Jason Terry again! 100 all.. he is clutch you have to admit


----------



## G-Force (Jan 4, 2005)

That happened way too quickly. Oh well, let's score again...


----------



## spongyfungy (Oct 22, 2003)

Mo Williams misses the jumper. 6 secs left Mavs ball.


----------



## G-Force (Jan 4, 2005)

Now we gotta play solid D for six seconds and home for OT.


----------



## spongyfungy (Oct 22, 2003)

they'll probably shoot a buzzer beater...If there were seconds on the clock after they make it, Redd would be really nice to have.


----------



## spongyfungy (Oct 22, 2003)

Terry shot bounces out!!!!!! oooh close


----------



## G-Force (Jan 4, 2005)

Terry missed a 15 footer, we have overtime!


----------



## spongyfungy (Oct 22, 2003)

nice tip by Bogut


----------



## spongyfungy (Oct 22, 2003)

Terry for three MISS. Bogut with another board....Bogut posting Dirk gets fouled by Marquis.


----------



## spongyfungy (Oct 22, 2003)

Mo Williams buzzer beater. MISS. 

Dirk three MISS. airball. Simmons drives get fouled. misses the FT. makes the second.

105-100


----------



## spongyfungy (Oct 22, 2003)

Devin drives and had a nice layup.


----------



## G-Force (Jan 4, 2005)

Bucks are leading this OT period, 5-2. Good job.

I see Dirk is now 3-19.


----------



## spongyfungy (Oct 22, 2003)

Simmons with the jumper! Dirk answers right back. 107-104.
Simmons rolled out of bounds before he called timeout... BS. he called TO. before! Bucks ball.

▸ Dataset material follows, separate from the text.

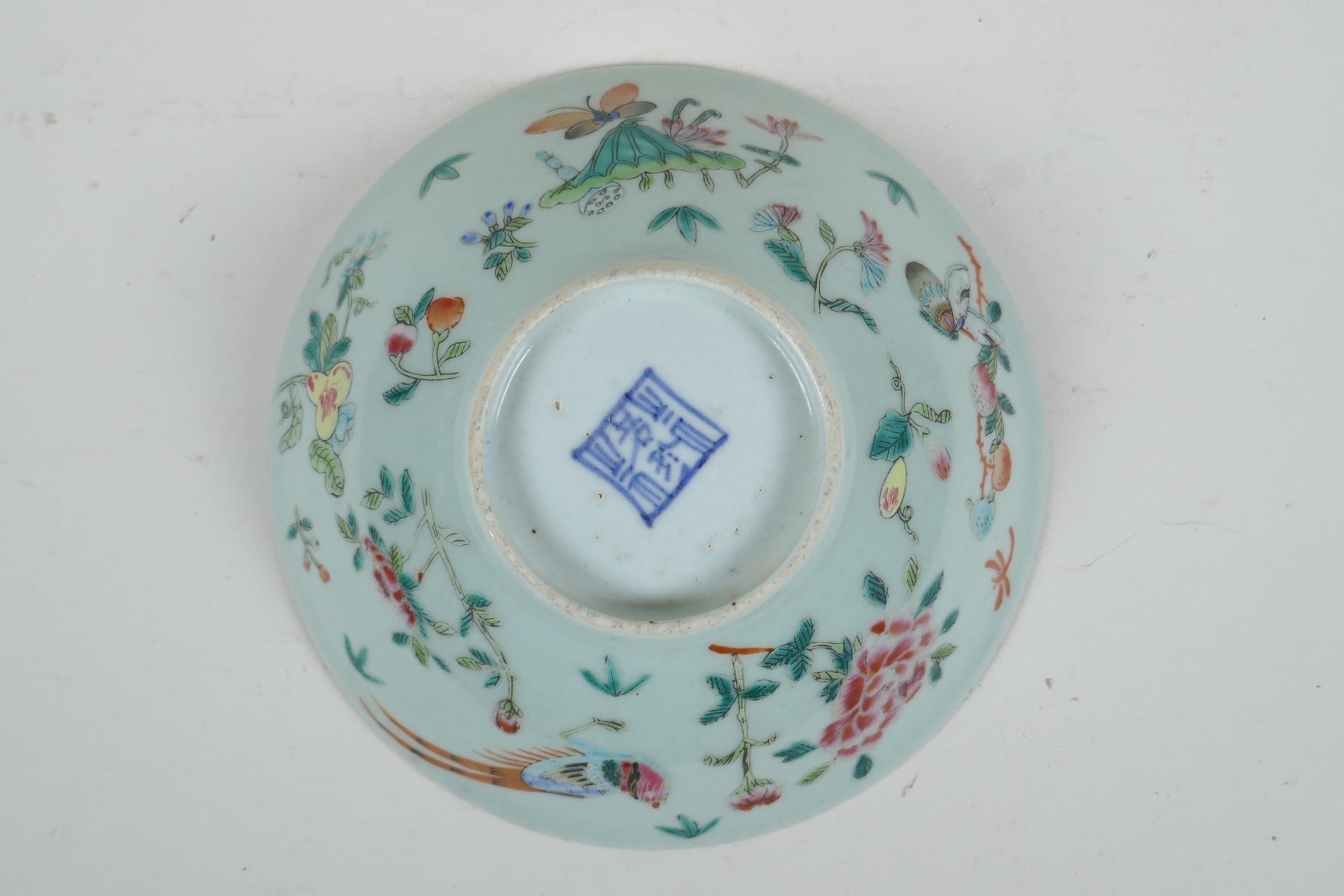 An early C20th Chinese polychrome porcelain dish decorated with Asiatic birds, flowers and - Image 3 of 6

Devin fakes and drives. layup good. 107-106


----------



## spongyfungy (Oct 22, 2003)

Diop with a block on Magloire...yikes. That's some good D. jumpball.


----------



## spongyfungy (Oct 22, 2003)

Dallas wins the jumpball.

Dirk fadeaway. good 108-107. foul on Daniels. he's gone with 6


----------



## G-Force (Jan 4, 2005)

UP by 1 with 1:12 to go. Let's win this for Redd, and Bucks fans everywhere.


----------



## G-Force (Jan 4, 2005)

Sure, now Dirk start making shots. I should have kept my mouth shut...

That was number six on Daniels - he's gone.


----------



## G-Force (Jan 4, 2005)

Holy crap! A three pointer by TJ!


----------



## spongyfungy (Oct 22, 2003)

Tj Three!!!


----------



## spongyfungy (Oct 22, 2003)

Devin to Dirk outside. fadeaway. MISS. Diop gets called for the loose ball


----------



## spongyfungy (Oct 22, 2003)

Bogut with the clutch FT's


----------



## G-Force (Jan 4, 2005)

A miss by Dirk and a board by Magloire.

Bogut fouled and goes to the line for two.

Makes the first one... and the second one.

Bucks up by *4*, Dallas timeout with 20.9 seconds to go. One more defensive stop, please.


----------



## spongyfungy (Oct 22, 2003)

Terry in the backcourt. to Darrell out to Terry. Terry for three. Good. wow...that's some serious clutch shooting


----------



## G-Force (Jan 4, 2005)

Wouldn't you know it, a three by Terry. Up by one with possession and 5.2 seconds. WE gotta make our free throws here if we get fouled.

Holy cow, Terry has 37 points!


----------



## spongyfungy (Oct 22, 2003)

5.1 secs left. who will they foul? 112-111 Bucks


----------



## spongyfungy (Oct 22, 2003)

TJ ford gets fouled


----------



## G-Force (Jan 4, 2005)

C'mon TJ, knock'em both down.


----------



## spongyfungy (Oct 22, 2003)

WOW what a clutch block by Bogut. HUGE!!!!


----------



## G-Force (Jan 4, 2005)

Wow, whatta win! Who did Bogut block?


----------



## MileHighBucksFan (Nov 26, 2005)

Great win without Redd! This was the best game of the year for TJ, Simmons, and Bogut. If only TJ could shoot like this every night....

Awesome block by Bogut at the buzzer.


----------



## spongyfungy (Oct 22, 2003)

G-Force said:


> Wow, whatta win! Who did Bogut block?


 blocked Terry.


----------